Tekes vor 50 Jahren

28. März 2007

Allgemeiner Bericht

Eine 850 Jahre alte Geschichte der Siebenbürger Sachsen geht endgültig zu Ende, mit ihr auch die unseres Heimatdorfes Deutsch Tekes.
Der erste Schritt in diese Richtung war die Eingliederung aller sächsischen Wehrpflichtigen in die deutsche Armee während der Jahre 1942/43. Von den Tekesern ließen 48 ihr Leben in diesem schrecklichen zweiten Weltkrieg. Die Überlebenden konnten fast ausschließlich nicht mehr in ihre Heimat zurückkehren, und das bewirkte nach dem Krieg die Familienzusammenführung, in deren Rahmen auch die ersten Tekeser nach Deutschland aussiedelten. Ausschlaggebend waren aber die Ereignisse am Ende des Krieges, als Rumänien am 23. August 1944 aus dem Bündnis mit Deutschland ausstieg und an der Seite der Sowjetunion gegen Deutschland und seine Verbündeten kämpfte. Der erste schwere Schlag war die Deportation der deutschen Männer, im Alter von 16-45, und der Frauen von 17-35 Jahren, in die Sowjetunion, zur Wiederaufbauarbeit. Aus Tekes wurden 113 Personen verschleppt. Die ältesten unter uns Tekesern werden sich an diesen schrecklichen Tag des 13. Januar 1945 erinnern können, wie die Menschen im Gemeindesaal zusammengetrieben wurden und anschließend für Jahre oder für immer Tekes verlassen mussten. 19 der Verschleppten überlebten die schwere Arbeit und die unmenschlichen Bedingungen in Russland nicht. Die Überlebenden kehrten im Laufe der folgenden 4 Jahre, meist an Körper und Seele geschädigt zurück.

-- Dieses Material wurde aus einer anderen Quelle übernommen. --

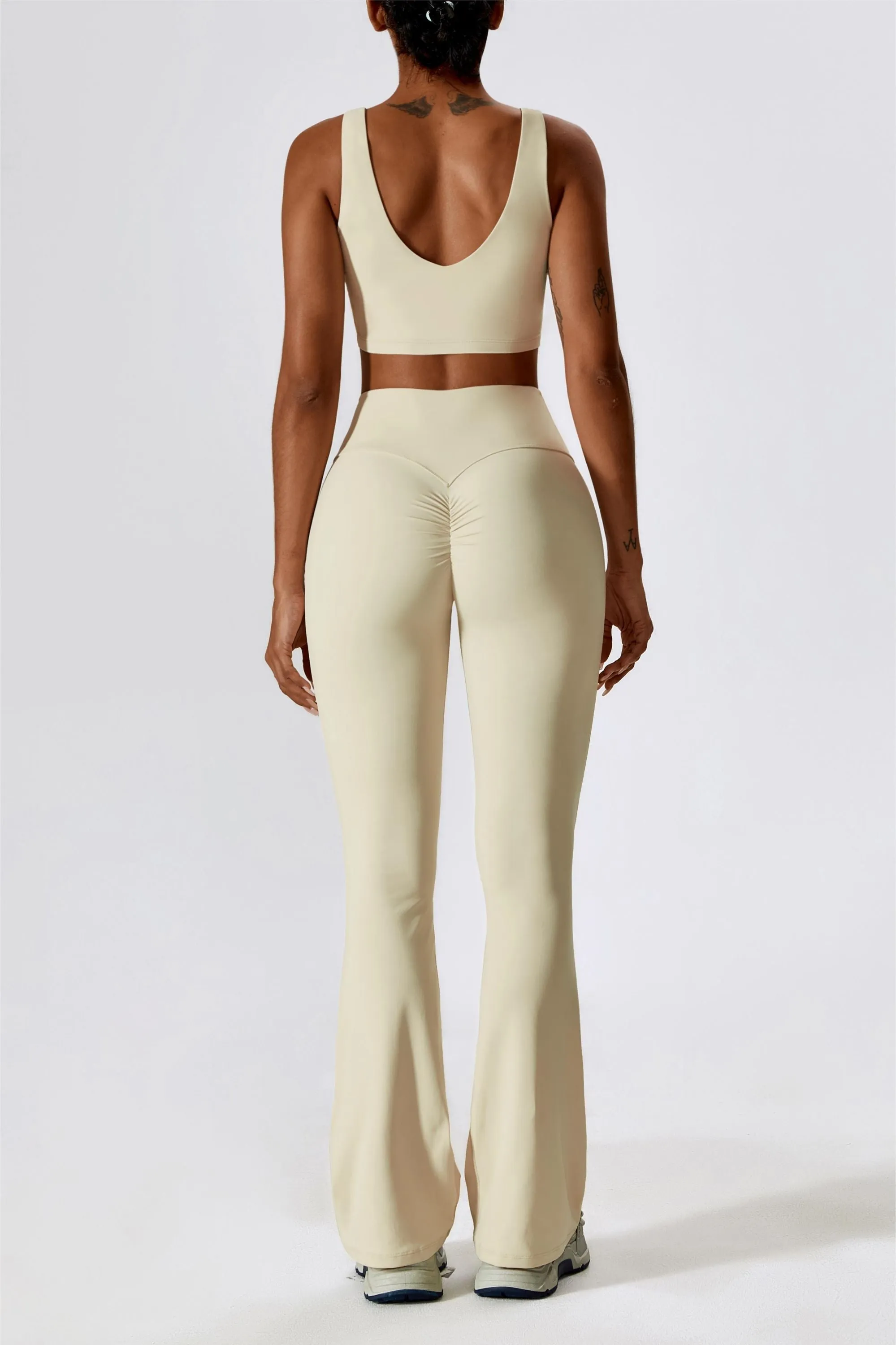 High-Rise Bootcut Flared Scrunch Bum Legging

Glücklicherweise gelang es 60 Frauen und Männern, sich der Verschleppung zu entziehen, indem sie sich im Dorfe oder sogar im Wald zeitweilig versteckten. Auf Einzelheiten über die Leiden der Verschleppten, oder die Schikanen und Erpressungen der Versteckten einzugehen, würde den Rahmen dieses Berichtes sprengen.

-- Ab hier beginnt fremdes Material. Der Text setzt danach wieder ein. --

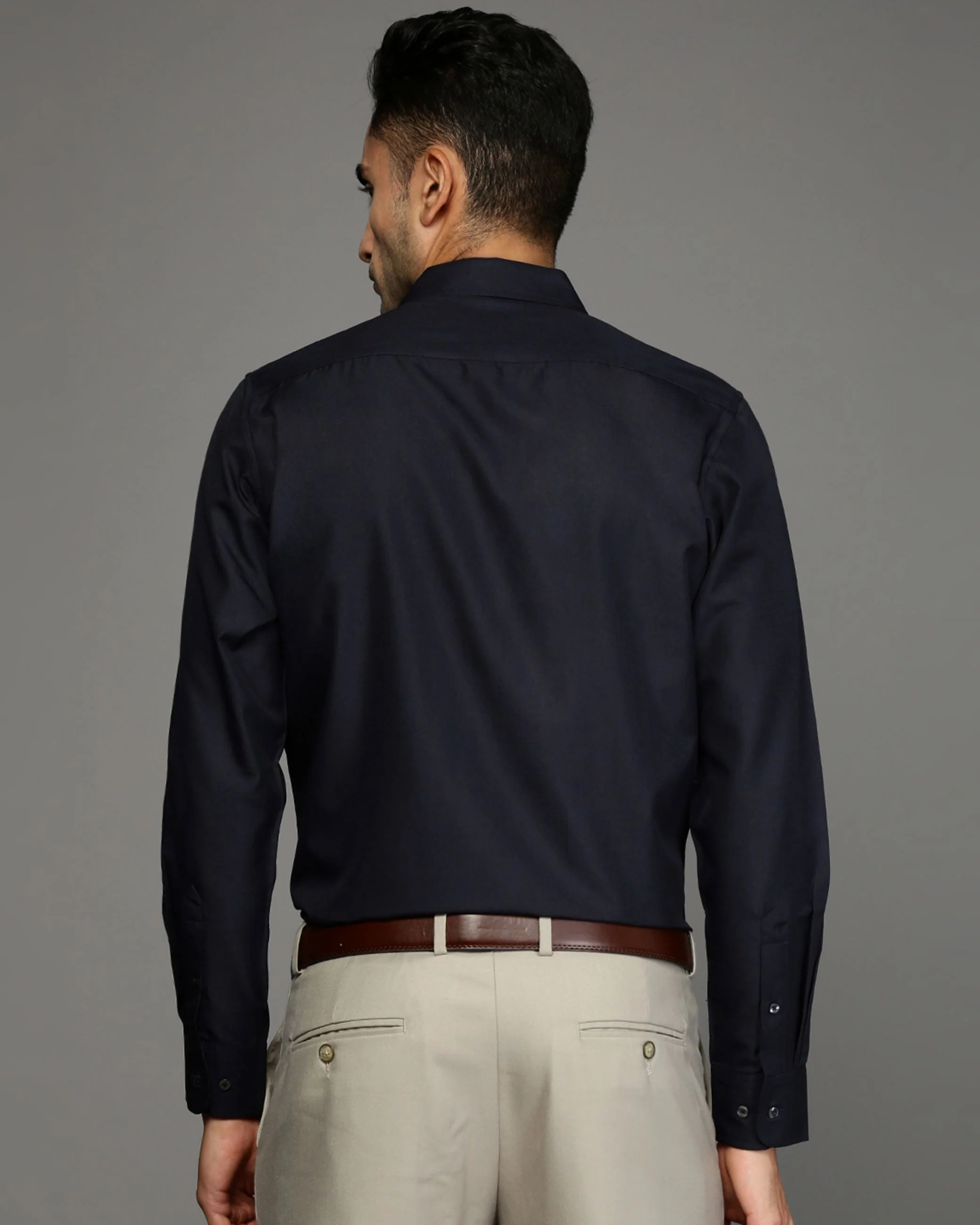 Men Blue Cotton Blend Slim Shirt - Image 4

Betrachten wir lieber die traurigen Ereignisse, die der Verschleppung folgten. Durch eine Agrarreform wurde den Sachsen der Boden enteignet, weil sie als Deutsche zu Kriegsverbrechern erklärt wurden. Ausnahme davon machten die wenigen, die nach dem 23. August 1944 in der rumänischen Armee gegen Deutschland gekämpft hatten. Zunächst wurde der Großteil des enteigneten Bodens an Zigeuner verteilt. Nicht genug damit. Unsere sächsischen Bauern mussten ihnen auch noch die nötigen landwirtschaftlichen Geräte und sogar das nötige Zugvieh abtreten. Die Entrechtung ging noch weiter. Auf 45 Höfen zogen Zigeuner ein, und in vielen Fällen mussten unsere sächsischen Bauern sich in die kleineren, angebauten Räumlichkeiten zurückziehen, und dem „neuen Wirt" Platz machen. Mit einer Ausnahme sind Rumänen nicht in sächsische Höfe eingezogen. Erwähnen möchte ich aber, dass in sächsische Höfe in der Hintergasse, im Zentrum und der oberen Niedergasse keine Zigeuner zugeteilt wurden. In diesen sollten gegebenenfalls Rumänen einziehen, wozu es aber nicht gekommen ist.
Alle bisher geschilderten Ereignisse genügten, um eine Generation von Bauern, die selbst schwer für den Erwerb und die Erhaltung von Grund, Haus und Hof gearbeitet hatten, schwer zu demütigen. Die Tekeser Bauern waren nie reich gewesen, besaßen aber ihren gesunden Bauernstolz, denn sie waren fleißig und hatten nie auf Kosten anderer gelebt.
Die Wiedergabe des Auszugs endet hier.